# Holy Cow....Daren



## Burlkraft (Oct 15, 2006)

I was just lookin' at some pictures and I came across a couple that Daren snuck in there of a guitar top he's makin'.

All I can say is......

*Nice ! ! ! ! !*

If I could figger it out I would have posted the pics...but I'm a computer dummby....I couldn't get them to post from the gallery..:wallbash: :wallbash: :wallbash: 

Ya'll need to look at his gallery...The man's got great wood....:yes: :yes:


----------



## Daren (Oct 14, 2006)

I don't know how to put the picture here either, just a link
http://www.woodworkingtalk.com/gallery/showphoto.php?photo=165&limit=recent
I started that several months ago, then set it aside...I found out guitar making is an art form as much as a craft. I have steam bent the sides and built the finger board with curly walnut. As pretty as it is going to be, I have been told (and have no reason to doubt them) by experts it will sound like crap. Oh well, I am going to finish it some day and have it as decoration. I don't play guitar I just think they are pretty (made from cool wood), so I am not qualified to make a proper instrument. It's not like making a chair...I can set in it and see if it is going to work.


----------



## Nathan (Aug 17, 2006)

Like this?













If you want to do the same thing right click a picture and select "Properties". This will give you some info about the picture as well as a link to it. Copy the link by highlighting it and pressing CTRL-C.

Then press the







button above the post box and paste the link into the feild that is given.

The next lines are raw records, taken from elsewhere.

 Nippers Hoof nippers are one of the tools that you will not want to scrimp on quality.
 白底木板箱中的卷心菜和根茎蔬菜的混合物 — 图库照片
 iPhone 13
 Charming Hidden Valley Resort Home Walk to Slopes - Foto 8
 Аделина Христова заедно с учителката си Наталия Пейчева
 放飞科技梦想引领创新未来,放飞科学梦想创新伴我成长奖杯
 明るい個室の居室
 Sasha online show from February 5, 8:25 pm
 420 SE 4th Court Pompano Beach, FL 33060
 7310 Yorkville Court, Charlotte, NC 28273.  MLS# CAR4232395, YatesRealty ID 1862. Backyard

Does that make ANY sense at all? Sorry for the confusion. I'll see if there is an easier way for me to set this up.


----------



## Burlkraft (Oct 15, 2006)

That's It....:thumbsup: :thumbsup: :thumbsup: 

Man...isn't that wood just sick????:cool2: :tongue_smilie: :icon_cool: :brows: :detective: :thumbup1:


----------



## Daren (Oct 14, 2006)

Nathan, made perfect sense to me. Steve, it's some curly red maple that had started to spalt. I was playing around to see if I got Nathans instructions right. This is the back... a picture with my camera phone (horrible quality, but the wife is outta town on business with the only digital camera in the house I can hook up to this computer, the rest hook up to her laptap..which of course she has too) I will put a better picture of the back some day, it's prettier than the front.


----------



## TexasTimbers (Oct 17, 2006)

Jimminy Cricket! Who's the lucky picker Daren? You? Or is this a commission?


----------



## SawDustJack (Nov 6, 2006)

Yah I cked our Daren's stuff too :thumbsup:


----------



## Burlkraft (Oct 15, 2006)

That's pretty cool..:icon_cool:..I've always wanted to build a guitar. I've encased a lot of them in slabs and epoxy, but never built one. Even if that one don't sound too good...it's sure gonna be pretty :thumbsup: ....I'll have to see if I can find some guitar pics....:yes:


----------



## Daren (Oct 14, 2006)

The guitar is just a sparetime project for my own decoration. The neck is figured maple like the top and back, the sides and fret are figured walnut. The string tuner knobs are going to be figured maple too. I don't even play (I wish I knew how, I love guitar, just never took the time to learn)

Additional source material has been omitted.